A Poem I Wrote While Avoiding Sleep

I wrote this last August while sitting up in bed, avoiding sleep. I’m not a great sleeper. I’m usually watching TV, scrolling mindlessly on my phone, occasionally reading. I should read in bed more.

But this night, I spent at least part of my dawdling bedtime hours writing this poem. If I’m being completely honest, I’m still trying to understand everything that it means to me. I tend to write in fits and starts. I don’t have a regular writing schedule. Wish that I did, of course. But I’m too distracted and scatterbrained.

I’ve mostly made my peace with the fact that writing may never be my profession. I fail at it more often than not. And then I wonder if it’s really what I need. I’m still trying to work that out. I see myself largely as a novice, even after 33 years.

Even though it feels like there is truth in this poem, I can’t say whether it’s good or bad. I don’t know that I should really have an opinion on it, to be honest. I wrote it the only way I knew how. So, it is what it is. That kind of thing.

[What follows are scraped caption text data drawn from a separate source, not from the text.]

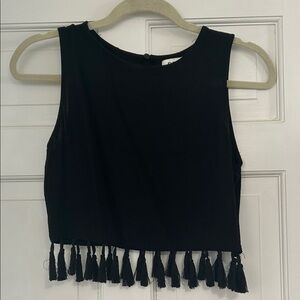 DO+BE Black Crop Top with Tassel Hem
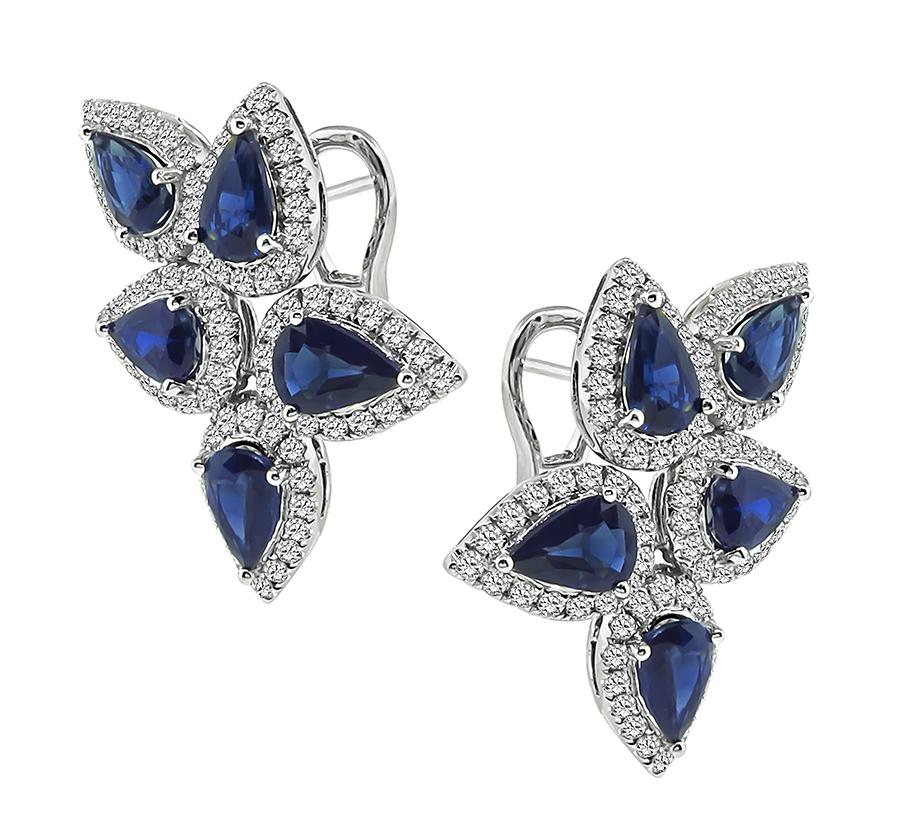 Estate 10.00ct Sapphire 3.00ct Diamond 14k Gold Earrings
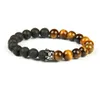 Partihandel 10st / Lot Nya par Smycken Klar CZ Crown Armband med Naturlig Tiger Eye och Lava Rock Stone Beads Toppkvalitet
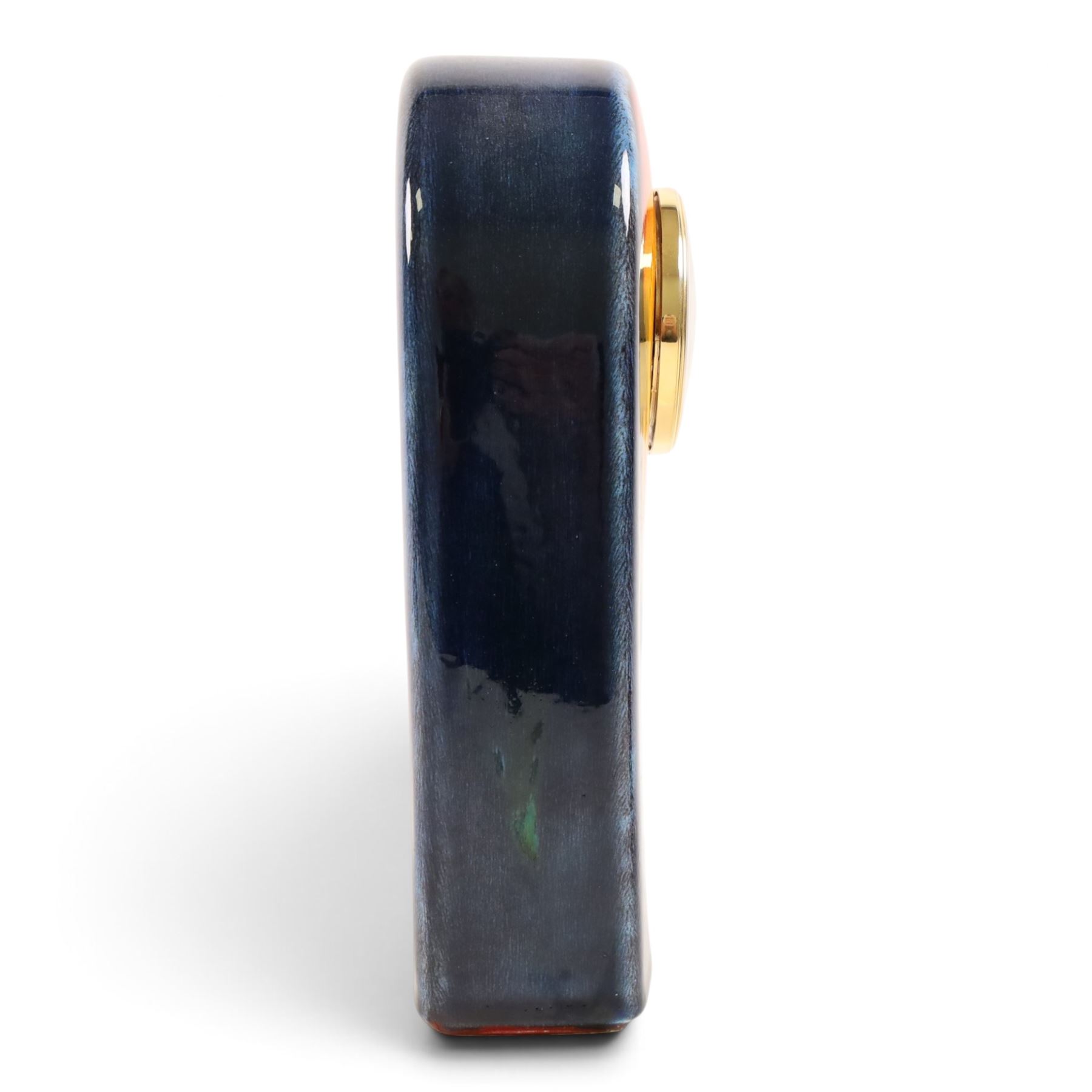 Poole Pottery Galaxy pattern vase, together with a Poole Pottery clock H22cm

Although it’s taken me over half a year to share it, and although I haven’t written much recently, writing this poem made me hear my voice in a new way. I used to avoid writing poetry because my brain couldn’t seem to translate my feelings and experiences in a satisfactory way. It was like repeatedly mismatching the pieces in a jigsaw puzzle.

But now, I think that poetry may be the most accessible way for me to express myself creatively in my 30s. It’s perfect for those brief, quiet moments in my mind I want to grab hold of and preserve in my memory. It also gives me a digestible way to make sense of my thoughts and emotions.

Hopefully I’ll make a better practice of this in the future.